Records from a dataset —
══════
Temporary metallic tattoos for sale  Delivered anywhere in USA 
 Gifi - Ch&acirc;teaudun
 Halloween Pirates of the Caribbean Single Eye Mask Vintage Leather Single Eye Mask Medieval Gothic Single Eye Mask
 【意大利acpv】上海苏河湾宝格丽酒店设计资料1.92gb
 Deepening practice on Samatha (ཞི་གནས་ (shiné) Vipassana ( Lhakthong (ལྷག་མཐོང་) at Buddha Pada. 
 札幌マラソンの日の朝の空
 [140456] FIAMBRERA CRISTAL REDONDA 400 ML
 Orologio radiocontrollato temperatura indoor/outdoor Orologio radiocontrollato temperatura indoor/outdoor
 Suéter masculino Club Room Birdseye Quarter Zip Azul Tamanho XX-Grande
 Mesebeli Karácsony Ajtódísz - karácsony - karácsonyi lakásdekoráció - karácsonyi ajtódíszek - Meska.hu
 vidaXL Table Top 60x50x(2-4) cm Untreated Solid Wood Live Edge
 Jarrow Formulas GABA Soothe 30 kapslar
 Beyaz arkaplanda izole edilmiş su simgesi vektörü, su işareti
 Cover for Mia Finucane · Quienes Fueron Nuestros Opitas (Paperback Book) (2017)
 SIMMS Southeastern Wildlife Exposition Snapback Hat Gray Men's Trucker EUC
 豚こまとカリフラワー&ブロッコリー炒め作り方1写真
══════
Exercise directions — The "Suéter masculino Club" line through the last line above: set these down exactly and add nothing else.

Answer —
 Suéter masculino Club Room Birdseye Quarter Zip Azul Tamanho XX-Grande
 Mesebeli Karácsony Ajtódísz - karácsony - karácsonyi lakásdekoráció - karácsonyi ajtódíszek - Meska.hu
 vidaXL Table Top 60x50x(2-4) cm Untreated Solid Wood Live Edge
 Jarrow Formulas GABA Soothe 30 kapslar
 Beyaz arkaplanda izole edilmiş su simgesi vektörü, su işareti
 Cover for Mia Finucane · Quienes Fueron Nuestros Opitas (Paperback Book) (2017)
 SIMMS Southeastern Wildlife Exposition Snapback Hat Gray Men's Trucker EUC
 豚こまとカリフラワー&ブロッコリー炒め作り方1写真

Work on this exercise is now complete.